Data from I/O devices often arrives at inconvenient times or in inconvenient units. The use of buffers in devices and in the kernel can hide some of this from the user. However, storing data in buffers can slow down I/O by requiring excessive copying, so there are trade-offs involved.
Can an I/O device be shared or multiplexed between multiple processes? If so, the kernel needs to take responsibility for handling multiple requests. Examples of sharable devices include disk drives (usually via a high-level filesystem interface), displays (via window systems), or audio devices (unless you are running an old version of Linux). Other devices like tape drives or modems may be non-sharable, and the kernel has to enforce that only a single process can use each at a time.

How does a process specify which device it wants? The Unix approach is to map devices into the filesystem (/dev/tty, /dev/hda1), which translates device names to a lower-level namespace consisting of major and minor device numbers. One can also structure a system to use a low-level namespace directly, but this loses the proverbial extra level of indirection that solves all programming problems.

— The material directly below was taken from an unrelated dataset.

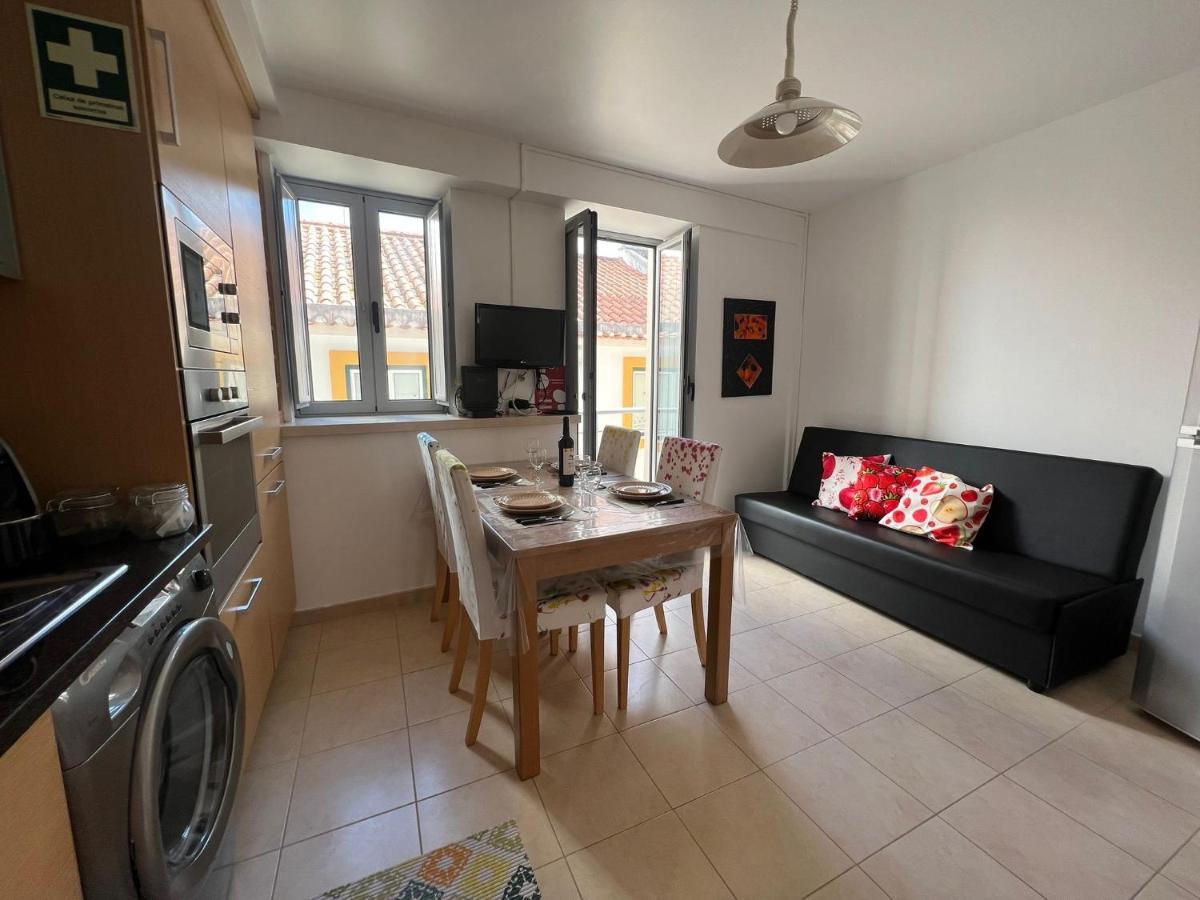 Apartamento Familia Silva Nazaré Eksteriør billede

2. I/O devices (hardware view)

At the hardware level, devices look very different from the user's view—so the operating system has to do a lot of work to hide this!

2.1. Controllers

We can think of each device as consisting of some physical object (the actual device) and a bit of hardware that presents an abstract interface to the object to the bus. This latter bit of hardware is called the device controller, and this is what the CPU interacts with. The question that remains is how to structure the interface between the CPU and the device controller.

Usually, a controller interacts with the CPU in up to three ways:

2.2. Input and output instructions

Many CPUs provide IN and OUT instructions for doing I/O. These look like the MOV instructions used to access memory, and take addresses (ports) as arguments that may even go out over the same address bus as memory operations, but a pin on the CPU signals that they are to be interpreted as I/O operations instead of memory operations, and so the supporting hardware routes them to the appropriate device.



2.3. Memory-mapped I/O

Here instead of using a separate address space for I/O, we use the same address space as for memory. The address translation hardware takes responsibility for diverting I/O addresses to I/O devices.



2.4. Hybrid approach

One common approach is to use both I/O instructions and memory-mapped I/O. The idea is that I/O instructions can be used for small values that change quickly (e.g. control registers) and memory mapping can be used for large chunks of data that are read or written in bulk (e.g., display memory). So, for example, the PC architecture allocates the memory range 0xA0000–0xFFFF0 (640K–1M) to memory-mapped I/O, and it is here that one finds VGA display memory etc.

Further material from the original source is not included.